DESCRIPTION OF THE TASK ::
The part below that opens with the line containing "Spatulas, Cement Spatulas" and closes with the line containing "Flat for sale in Lepe, imagen 23" should be copied exactly, minus any pictures.
── SUPPLIED DATA
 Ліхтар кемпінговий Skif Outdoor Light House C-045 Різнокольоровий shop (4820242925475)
────
── SUPPLIED DATA
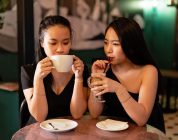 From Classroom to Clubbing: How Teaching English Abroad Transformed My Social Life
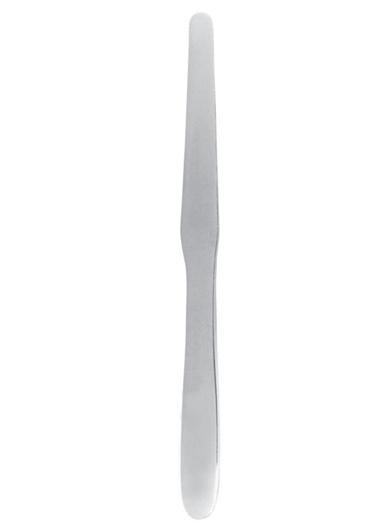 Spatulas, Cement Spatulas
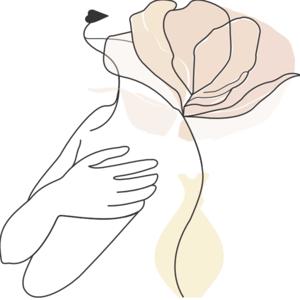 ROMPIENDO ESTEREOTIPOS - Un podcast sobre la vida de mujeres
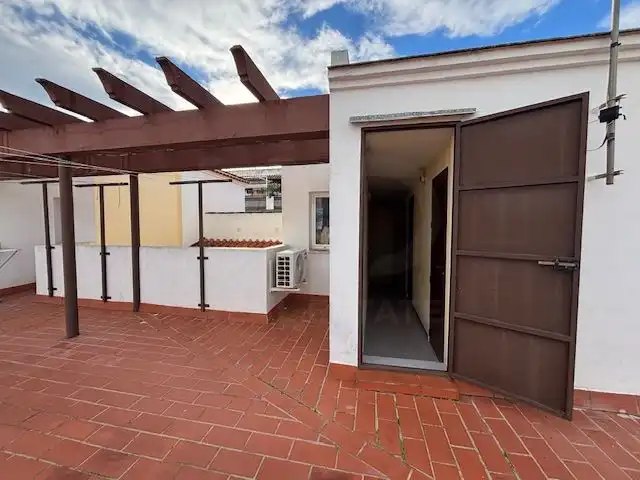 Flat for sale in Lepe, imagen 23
────
── SUPPLIED DATA
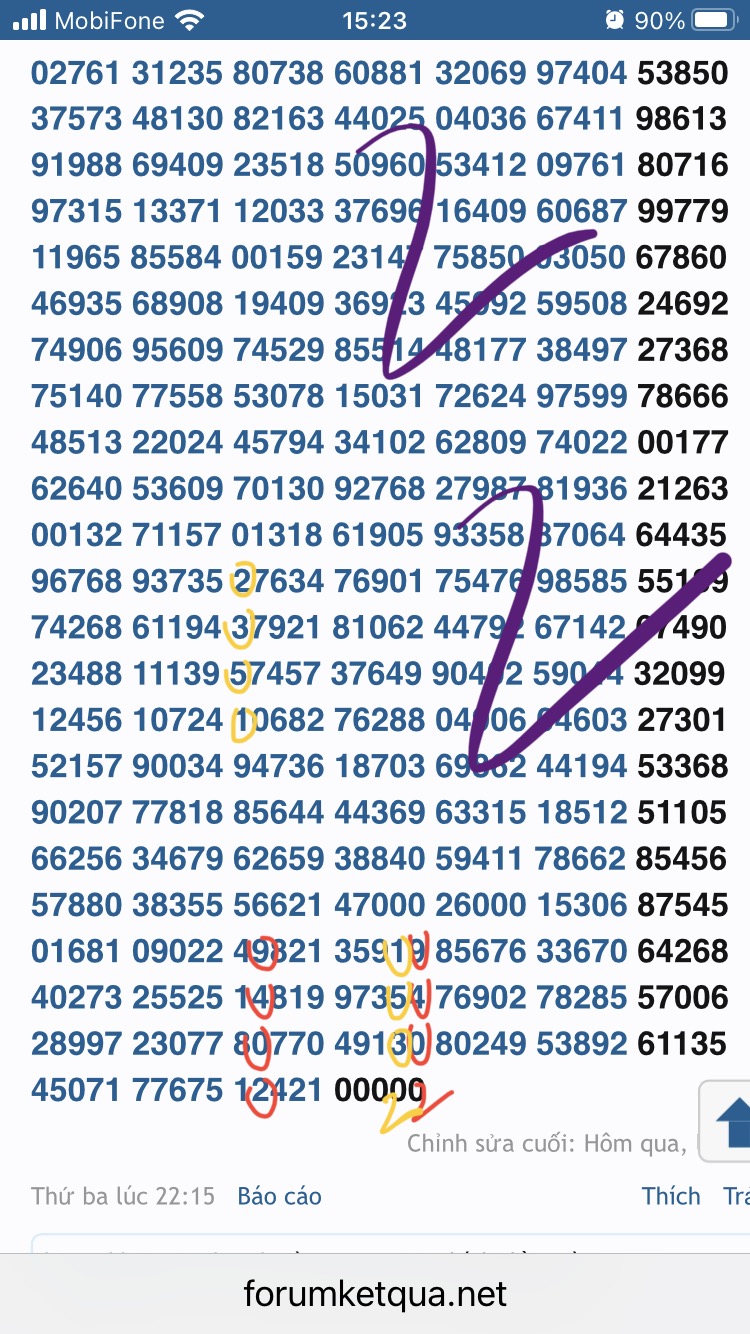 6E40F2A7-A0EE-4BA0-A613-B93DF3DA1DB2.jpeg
────
ANSWER TO THIS EXERCISE ::
 Spatulas, Cement Spatulas
 ROMPIENDO ESTEREOTIPOS - Un podcast sobre la vida de mujeres
 Flat for sale in Lepe, imagen 23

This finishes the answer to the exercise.